EXERCISE DETAILS » The task requires restating, word for word, the lines of the entries below from the one containing "Modern női ruha" through the final one, both included.

****************

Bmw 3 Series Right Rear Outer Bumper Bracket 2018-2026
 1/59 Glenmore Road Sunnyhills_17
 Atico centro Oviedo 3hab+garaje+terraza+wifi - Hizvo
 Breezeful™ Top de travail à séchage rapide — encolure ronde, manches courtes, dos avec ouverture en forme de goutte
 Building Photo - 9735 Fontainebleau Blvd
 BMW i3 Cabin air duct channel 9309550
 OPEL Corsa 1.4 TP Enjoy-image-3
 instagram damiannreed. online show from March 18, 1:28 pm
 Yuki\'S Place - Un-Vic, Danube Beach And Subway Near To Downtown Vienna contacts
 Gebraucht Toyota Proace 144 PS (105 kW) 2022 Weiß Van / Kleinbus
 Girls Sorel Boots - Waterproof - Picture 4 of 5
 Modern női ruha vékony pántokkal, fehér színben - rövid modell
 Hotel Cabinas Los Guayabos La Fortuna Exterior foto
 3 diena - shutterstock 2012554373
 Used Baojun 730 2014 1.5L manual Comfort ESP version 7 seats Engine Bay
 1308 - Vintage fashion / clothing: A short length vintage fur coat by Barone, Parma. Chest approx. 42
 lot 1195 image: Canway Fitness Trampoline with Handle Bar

****************

TASK RESULT »
 Modern női ruha vékony pántokkal, fehér színben - rövid modell
 Hotel Cabinas Los Guayabos La Fortuna Exterior foto
 3 diena - shutterstock 2012554373
 Used Baojun 730 2014 1.5L manual Comfort ESP version 7 seats Engine Bay
 1308 - Vintage fashion / clothing: A short length vintage fur coat by Barone, Parma. Chest approx. 42
 lot 1195 image: Canway Fitness Trampoline with Handle Bar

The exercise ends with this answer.